_Exercise instructions_. Pictures stay out of the copy. Retype exactly the lines below from the one with "10Pcs Handmade Press" through the one with "Rolex Certified Pre-owned".

_Exercise data_.
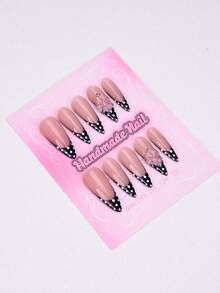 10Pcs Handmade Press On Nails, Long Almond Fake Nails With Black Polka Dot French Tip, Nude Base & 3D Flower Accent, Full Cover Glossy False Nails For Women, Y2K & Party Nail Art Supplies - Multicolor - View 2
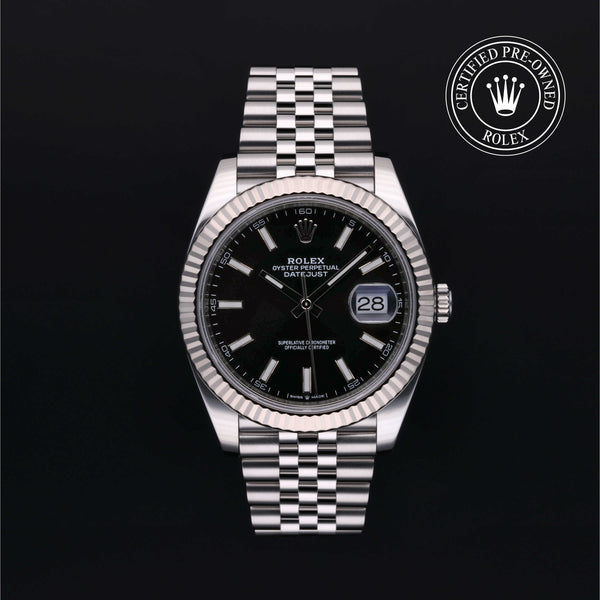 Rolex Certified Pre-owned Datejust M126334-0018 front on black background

---

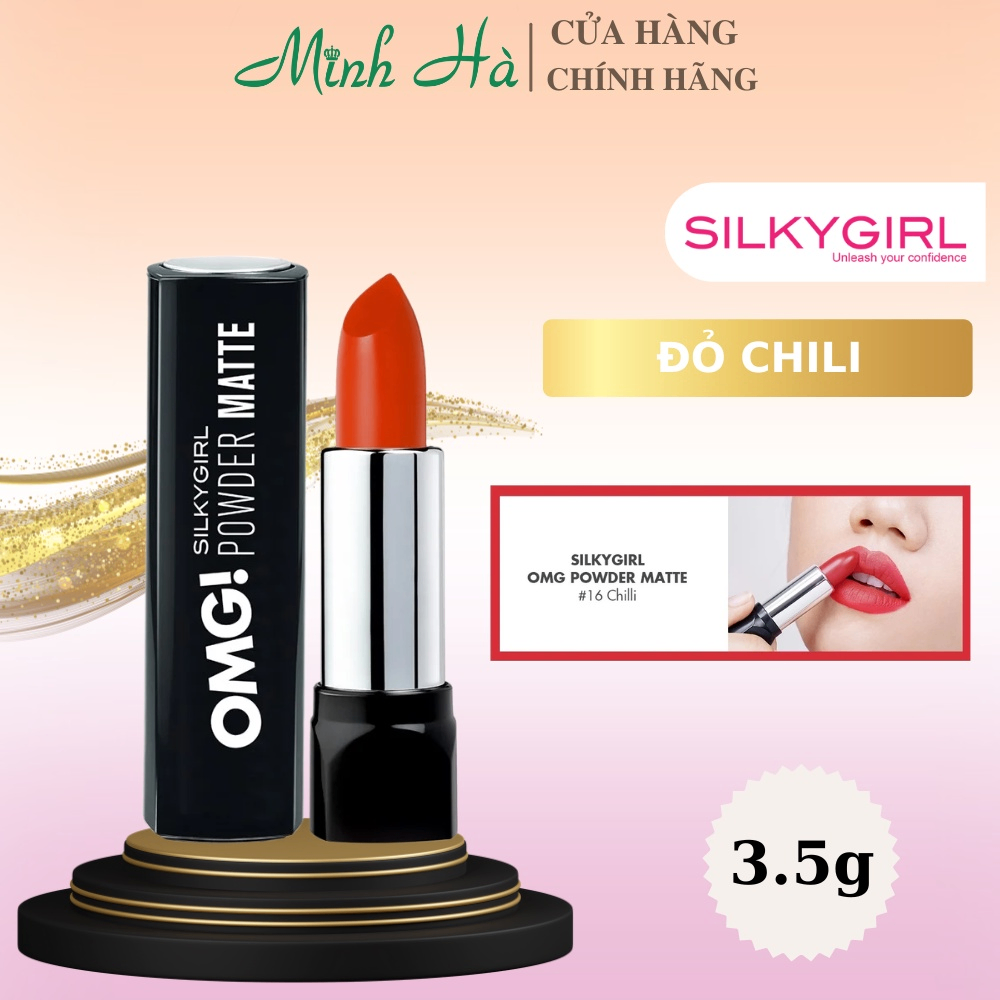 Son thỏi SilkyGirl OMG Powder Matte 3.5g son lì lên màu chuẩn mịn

_Completed task_.
 10Pcs Handmade Press On Nails, Long Almond Fake Nails With Black Polka Dot French Tip, Nude Base & 3D Flower Accent, Full Cover Glossy False Nails For Women, Y2K & Party Nail Art Supplies - Multicolor - View 2
 Rolex Certified Pre-owned Datejust M126334-0018 front on black background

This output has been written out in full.